Dari hasil penjualan rumah itu kubelikan rumah minimalis dengan dua lantai dan mobil. Sengaja sertifikat rumah dan sawah kusimpan di sebuah bank. Karena dulu Alm ibu berpesan untuk merahasiakan rumah dan sawah kepada mas Deni. Bahkan surat-suratnya pun masih atas nama Alm ibu. 

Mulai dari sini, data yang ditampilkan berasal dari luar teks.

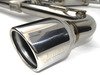 ES#3142887 - HS09GF6G3S - MK6 GTI 2.0T 3" Cat-Back Exhaust System - Resonated - Featuring 110mm polished stainless steel tips! - Invidia - Volkswagen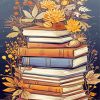 Aesthetic Autumn Books Paint By Numbers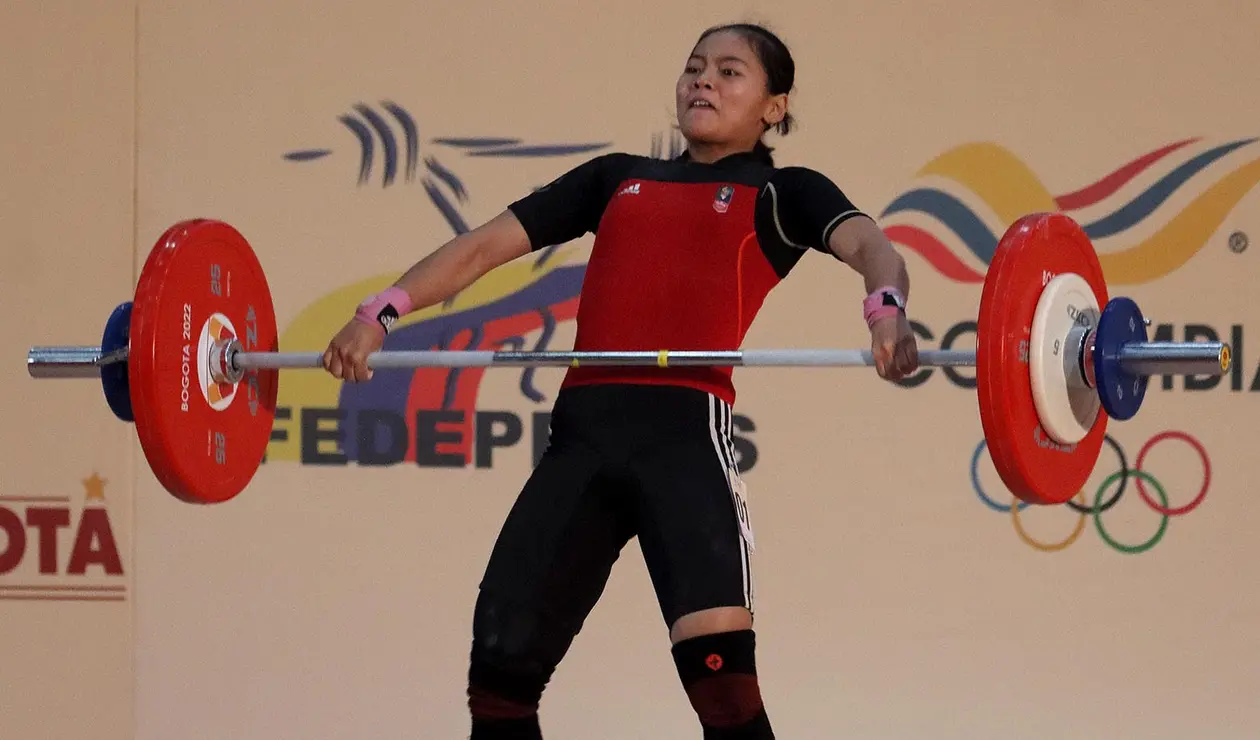 Aisa Cantika (India) - Campeonato Mundial de Pesas 2022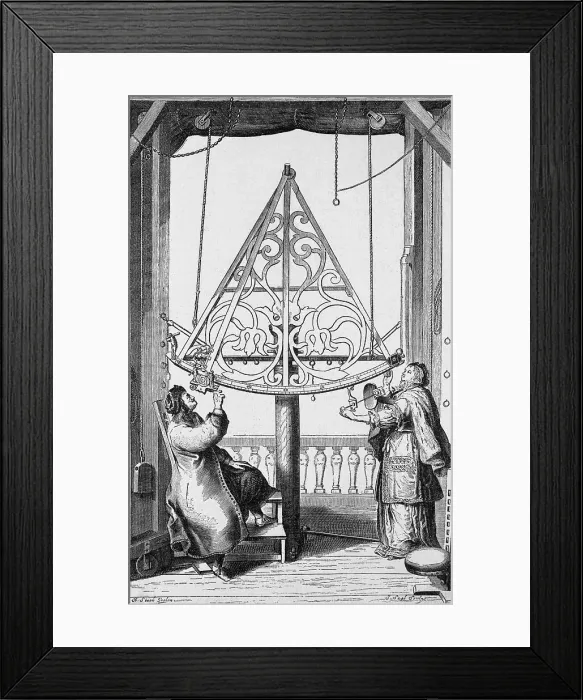 Framed Print : 17th-Century Engraving of Johannes Hevelius Using a Sextant Framed Print : 17th-Century Engraving of Johannes Hevelius Using a Sextant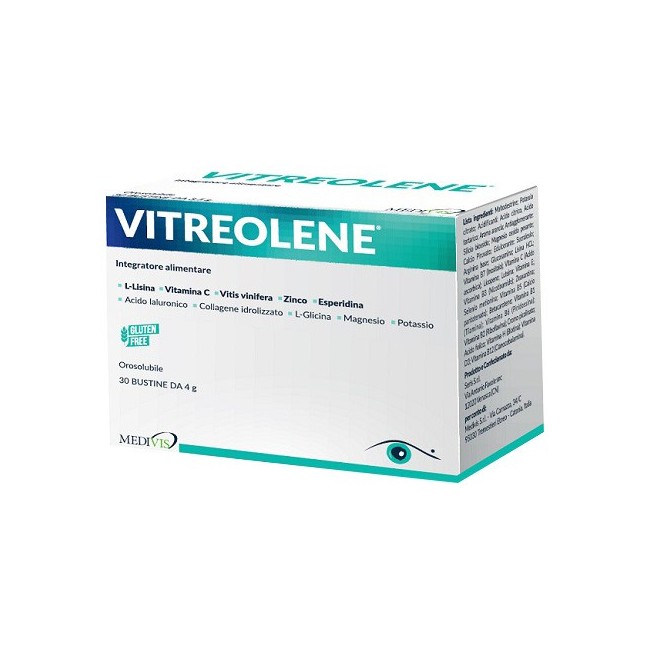 Medivis Vitreolene 30 Bustine integratore per la vista Medivis Vitreolene 30 Bustine integratore per la vista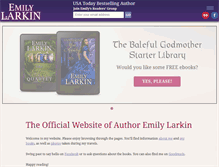 Tablet Screenshot of emilylarkin.com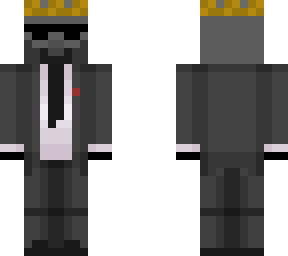 robot in tux with crown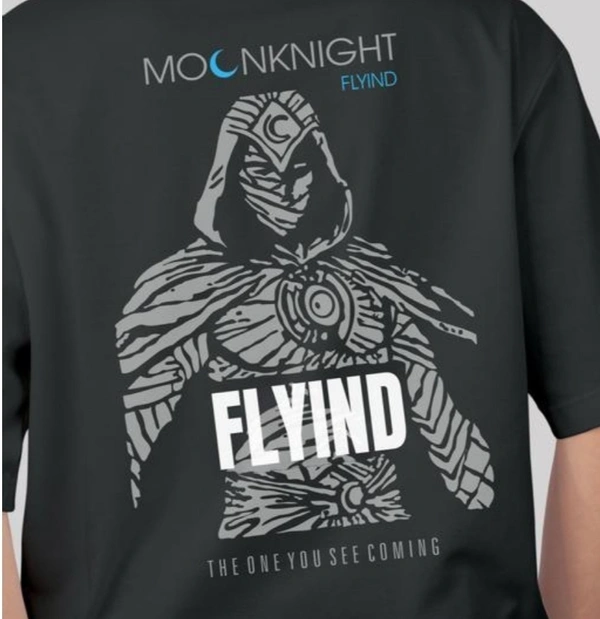 Moonknight Black Theme T-shirts For Boys - Black, L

Mungkin ibu trauma setelah pengkhianatan ayahku, sehingga ibu berpesan demikian padaku. Sawah itu sendiri merupakan warisan orang tua ibuku. Aku bahkan baru tau setelah ibu meninggal. Kulanjutkan mencari surat-surat mobil, kukeluarkan semua isi lemari. 

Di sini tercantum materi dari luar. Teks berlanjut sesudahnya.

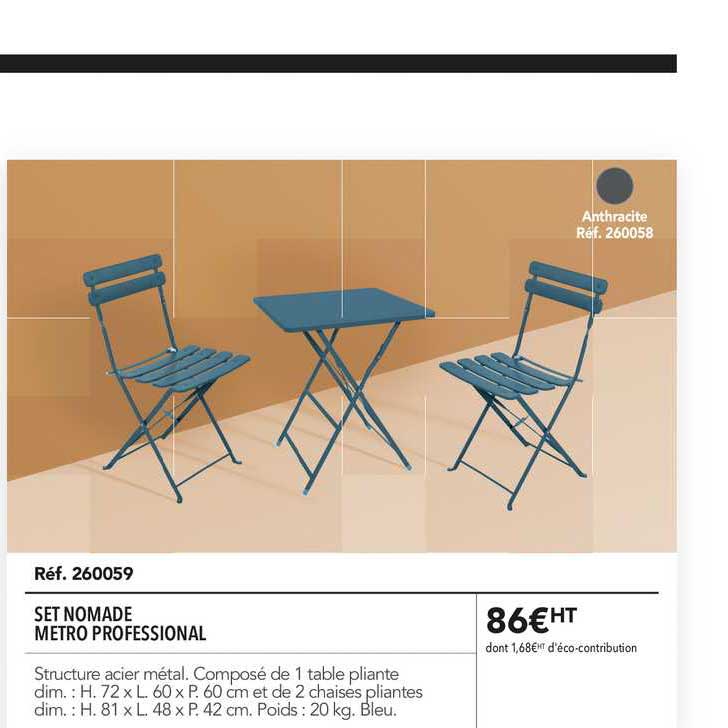 Set Nomade Metro Professional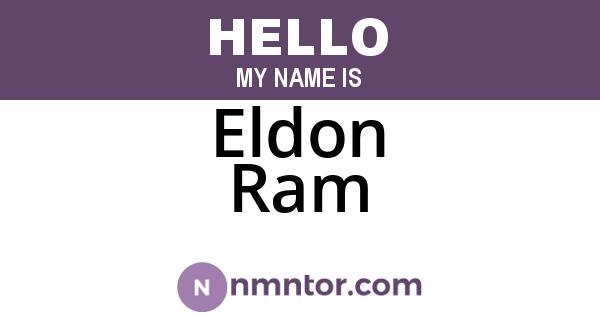 Eldon Ram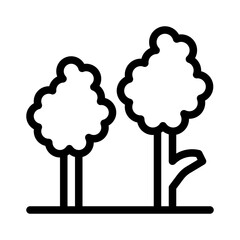 Blooming Tree line icon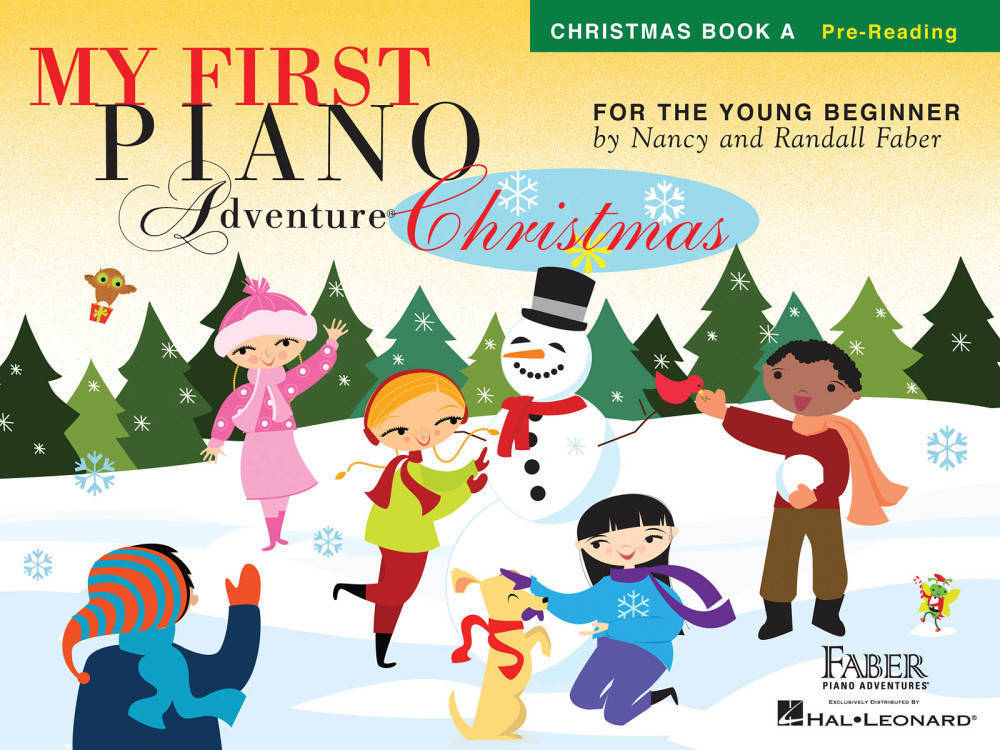 My First Piano Adventure Christmas - Book A Pre-Reading - Faber - Piano - Book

Ah sial! BPKBnya tidak ada.Pasti disimpan Mas Deni, tapi biasanya juga disini tak pernah pindah pindah. 

Hufft! 

Atau... Jangan-jangan buat jaminan lagi biar dapat duit. Berfikir-berfikir Anita! Aku harus bagaimana?

Drrrttt... Drrrttt.... 

Ponselku bergetar, kuambil. Ternyata ada pesan dari Mas Deni. 

[ Dek, maaf ya nanti mas gak pulang, ternyata mas harus pergi ke luar kota sekarang juga. Kamu gak papa kan dek?] 

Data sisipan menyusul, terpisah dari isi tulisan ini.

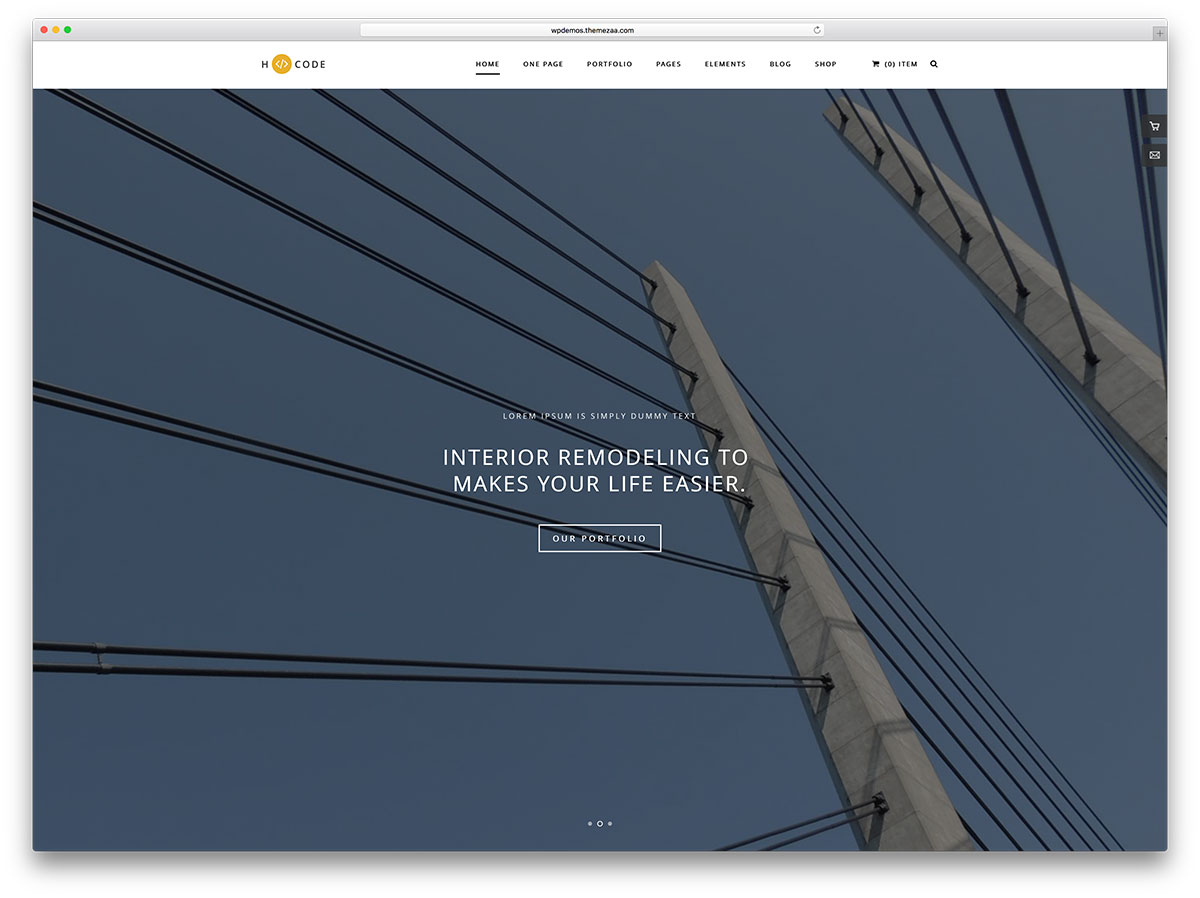 h-code-simple-architecture-website-template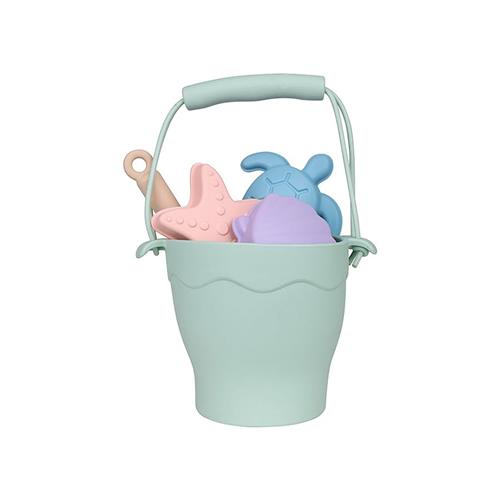 Swim Essentials Sandsæt Med 5 Dele Pure Tones Pastel  Pure Tones Pastel One Size  Grøn  One Size  Drenge, Piger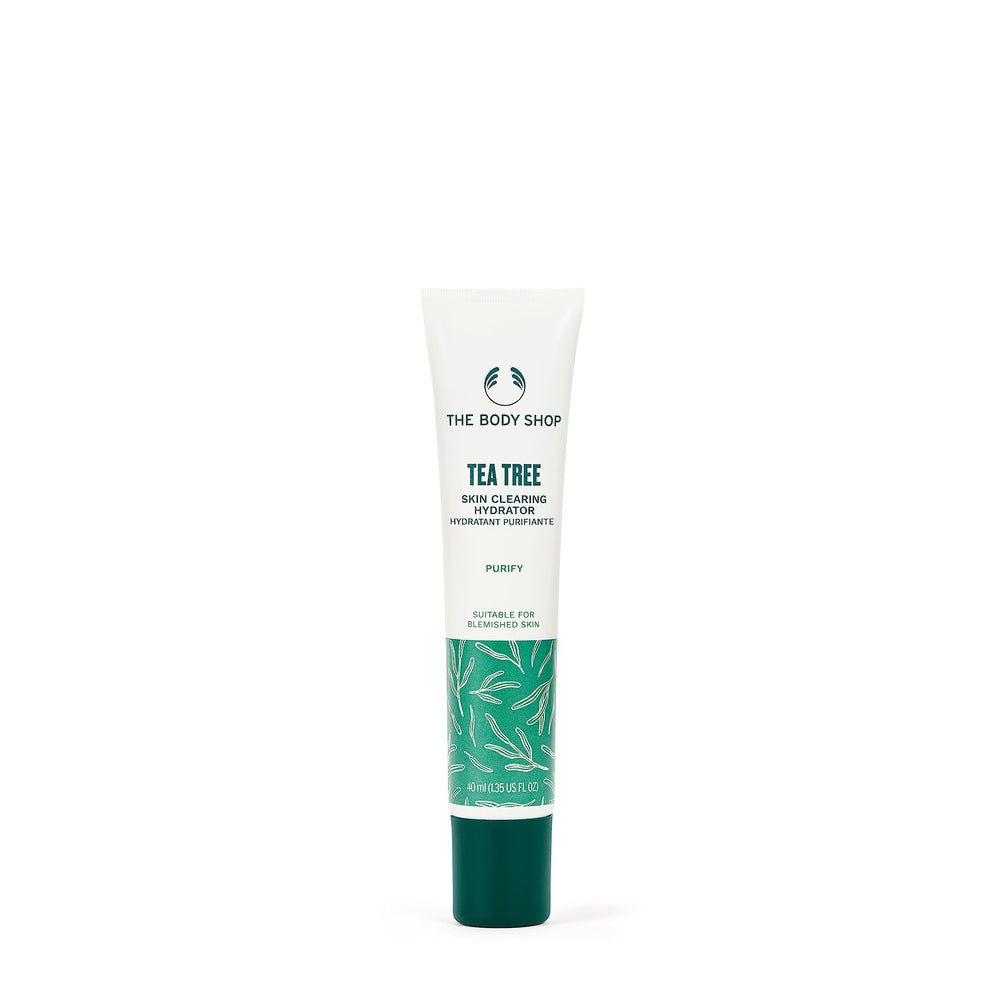 The Body Shop Tea Tree In-Control Hydrator en bouteille, hydratation légère.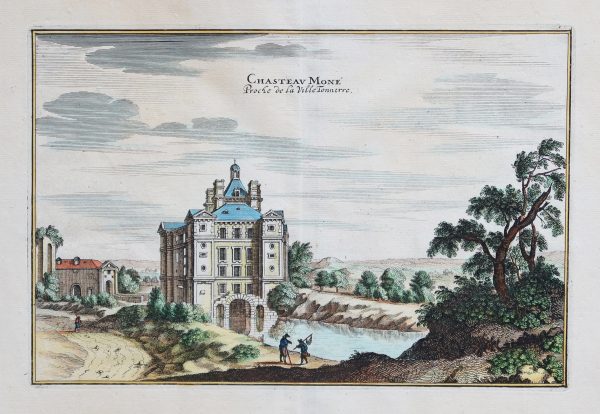 Gravure ancienne du Château de Maulnes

Ke luar kota atau kawin lagi mas? 

Hiks... Hiks... Kok nasibku gini amat ya, kaya di sinetron ku menangis.

Stop Anita, Stop!! Kamu gak boleh nangis lagi

Gumamku.

 

[ iya mas, gpp kok, pakaian ganti kamu Gimana mas? Apa aku antar ke kantor]

Ku balas pesan mas Deni,basa basi tepatnya, 

[Gak usah dek, udah disiapin dari kantor kok] 

Hahahaha ... tertawa aku membaca pesan mas Deni. Sejak kapan pakaian disiapkan dari kantor?  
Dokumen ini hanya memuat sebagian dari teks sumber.